Leur devise « Amazonie Viva, Humanidad Segura » dicte leur engagement pour la défense de l’Amazonie et de la vie, par la protection d’une planète qui puisse assurer l’existence des générations présentes et à venir. COICA a pour mission de proposer des politiques et des actions en faveur d’un développement équitable et différencié de l’Amazonie, de l’échelle locale à l’échelle internationale, en passant pas l’échelle nationale. Leurs propositions partent des peuples, des nations et des organisations autochtones amazoniennes mêmes, tout en accordant une importance à leur autonomie, leur souveraineté, leurs capacités et leur viabilité financière.
En ce sens, COICA coordonne les efforts et les visées des peuples qu’il représente dans le but de promouvoir, défendre et exercer les droits des peuples autochtones et des territoires, qui font partie intégrante de la nature et de la planète. Parmi les droits qu’il défend, on compte des droits humains, environnementaux, culturels, collectifs, féministes, territoriaux, ainsi que le droit à la vie, à la santé, et à l’autodétermination des peuples, entre autres.

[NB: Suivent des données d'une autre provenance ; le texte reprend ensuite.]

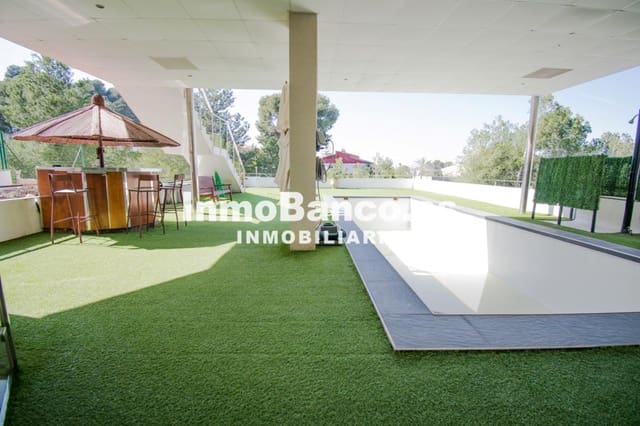 4 quarto Moradia para venda em Chiva com piscina garagem - 595 000 € (Ref: 9427629)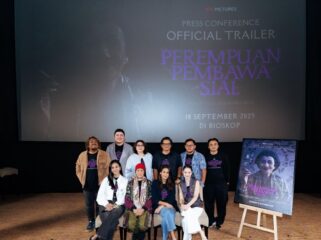  produser Susanti Dewi, Produser Eksekutif Winston Utomo dan Sutradara Fajar Nugros, serta penulis skenario Husein Atmojo dan para pemeran Film Perempuan Pembawa Sial saat foto bersama usai rilis trailer dan poster di Plaza Senayan XXI Jakarta Pusat, Rabu (20/8/2025). (Foto : Ist/Jejaknarasi.id)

Au niveau régional, COICA s’efforce de développer et impulser des mécanismes facilitant l’interaction, la collaboration et la complémentarité de ses membres, de manière à coordonner et promouvoir leurs revendications communes, mais aussi celles qui sont uniques à leurs réalités et à leurs cultures propres. Tant au niveau régional qu’international, COICA est très actif. Sa participation à la COP28 s’inscrit d’ailleurs dans ses actions de représentation et de plaidoyer auprès d’instances intergouvernementales et non gouvernementales. [1]

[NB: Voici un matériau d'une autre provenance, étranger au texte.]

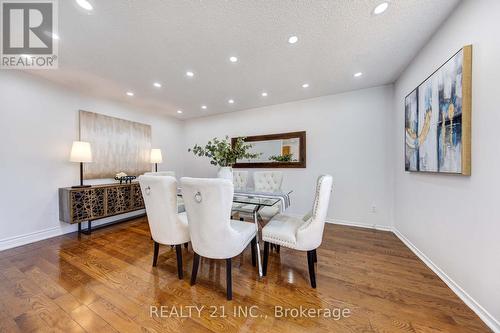 130 Morningview Trail, Toronto, ON - Indoor Photo Showing Dining Room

Principales revendications à la COP28
Participant aux COP depuis plusieurs années, la délégation de COICA s’est mobilisée à la COP28 pour représenter ses membres. Comme de nombreux regroupements présents tels que les organisations non gouvernementales (ONG), les regroupements de jeunes, le milieu des affaires, les lobbys, les regroupements de sociétés civiles et bien d’autres, COICA est observateur dans le cadre des COP. N’étant donc pas formellement négociateurs à la table où les décisions se prennent, les groupes comme COICA observent les dynamiques, les positions des autres acteurs et réagissent en essayant d’influencer les négociations à leur avantage [2].

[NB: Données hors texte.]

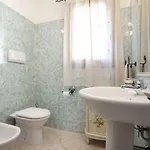 Villino Bordeaux Apartmán *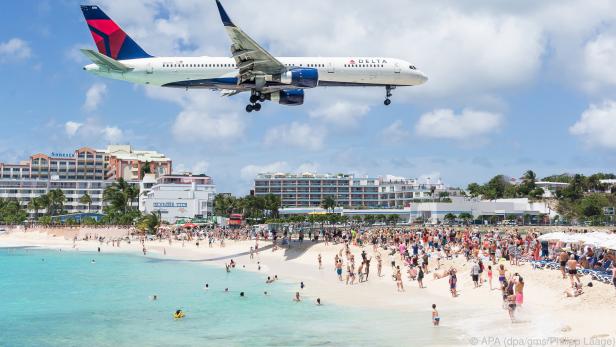 Maho Beach auf St. Martin - Flugreisen tragen zum Klimawandel bei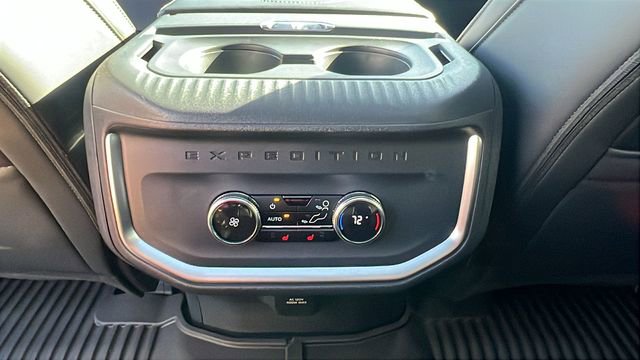 New 2026 Ford Expedition Max Platinum w/ Stealth Appearance Package AWD/4WD image 17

Parmi ses revendications phares, COICA urge la reconnaissance du rôle clé des peuples et territoires autochtones dans la préservation des écosystèmes et dans les solutions face à la crise climatique. En plus de promouvoir les droits humains, cette revendication vise à atténuer à la fois la crise climatique et celle de la biodiversité, car 80 % de la biodiversité mondiale se trouve dans ces territoires [4]. COICA exige ainsi la reconnaissance des savoirs traditionnels qui font partie de la solution pour contrer l’actuelle crise environnementale complexe et multidimensionnelle : « Notre lutte est pour le territoire, pour la vie ainsi que pour la protection de notre culture et des systèmes de savoir qui ont maintenu en vie la forêt tropicale la plus grande du monde » [5]. Concrètement, COICA appelle les gouvernements et les organisations à joindre l’initiative qui, impulsée par COICA et Amazonia por la vida, vise à protéger 80 % de l’Amazonie d’ici 2025 [6].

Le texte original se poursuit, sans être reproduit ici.